Veterinarian looking to adopt a Desert Tortoise (juvenile to adult) in the Sacramento area. I have an outdoor enclosure ready and lots of yummy plants growing.

I grew up with a desert tortoise in S. California, but haven't been able to find any adoption groups up here....

Peter
[email protected]


----------



## spikethebest (Feb 22, 2010)

www.tortoise.org

Your a Vet? please look at this thread, and give me your opinion please. 

http://tortoiseforum.org/thread-12544.html

Thank you!
Cory


----------



## terracolson (Feb 22, 2010)

turtlebunker.com

felice doesnt have desert tortoises but she runs the club up here and would know who you can contact


----------



## Yvonne G (Feb 22, 2010)

Hi Peter:







to the forum!!

Contact the Silicon Valley Chapter of the Calif.
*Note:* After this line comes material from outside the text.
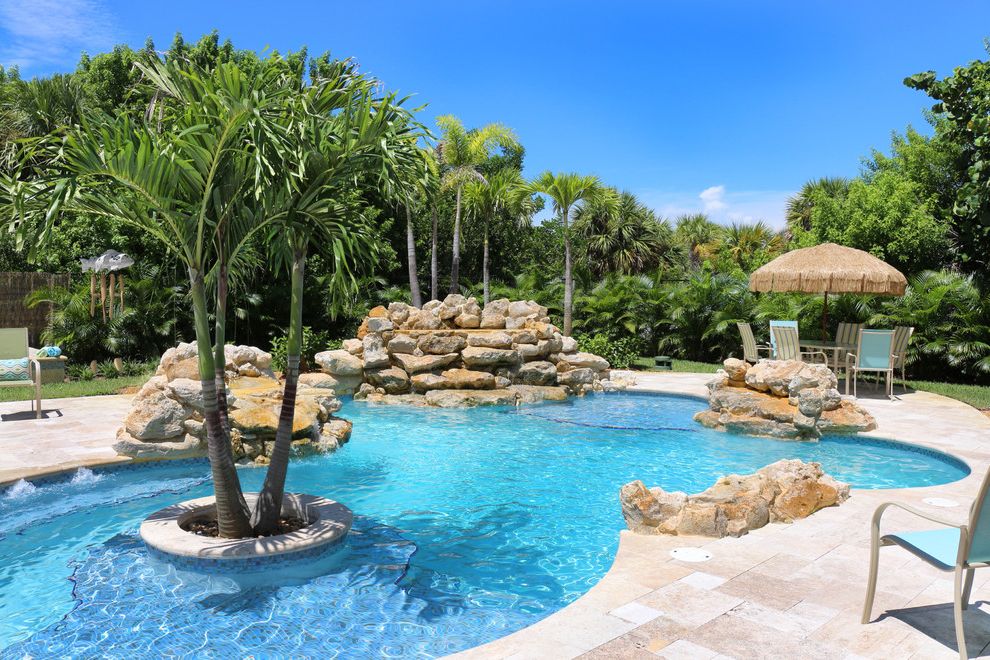 Paradise Tree Service with Tropical Pool Also Beach Boulders Contemporary Curved Pool Eclectic Florida Grass Umbrella Green Antiques Ocean View Palm Trees Stone Tropical Vero Beach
Turtle & Tortoise Club. They have adoptions and are close to San Jose.

I have one hatchling and one 4 year old desert tortoise. You would have to show me via pictures, how you plan to keep your desert tortoise and if I believe your habitat is safe and secure for a desert tortoise, then you would have to come to Clovis and pick it up.

The hatchling was one of 8, the rest of which have been adopted. I kept this one because he had a bubbly nose, which is now clear.

The 4 year old...I guess he's probably 5 or 6 now...was given to me but I haven't been able to get any weight on him, so I haven't been actively looking to place him. Since you're a vet, and could probably give him the special care he needs, I would consider adopting him to you. He can go outside (when the weather warms up), but the hatchling is too small.

You can send me an email if you are interested.


----------



## terracolson (Feb 22, 2010)

Right on Yvonne


----------



## TORTOISEHOME (Feb 23, 2010)

vellutip said:


> Veterinarian looking to adopt a Desert Tortoise (juvenile to adult) in the Sacramento area. I have an outdoor enclosure ready and lots of yummy plants growing.
> 
> I grew up with a desert tortoise in S. California, but haven't been able to find any adoption groups up here....
> 
> ...



Hi Peter, 

Contact Felice Rood with the Sacramento Turtle and Tortoise Club. You can do a search for the club and you should be able to find her website. She comes across ones needing a home all the time. If you have no luck, contact me in the spring. We always have some looking for homes. Typically we get hatchlings to sub adults no larger than 8" . 

My email is [email protected] . I am in San Jose.


----------



## terracolson (Feb 23, 2010)

MONGO said:


> vellutip said:
> 
> 
> > Veterinarian looking to adopt a Desert Tortoise (juvenile to adult) in the Sacramento area. I have an outdoor enclosure ready and lots of yummy plants growing.
> ...



I posted her website in my earlier link


----------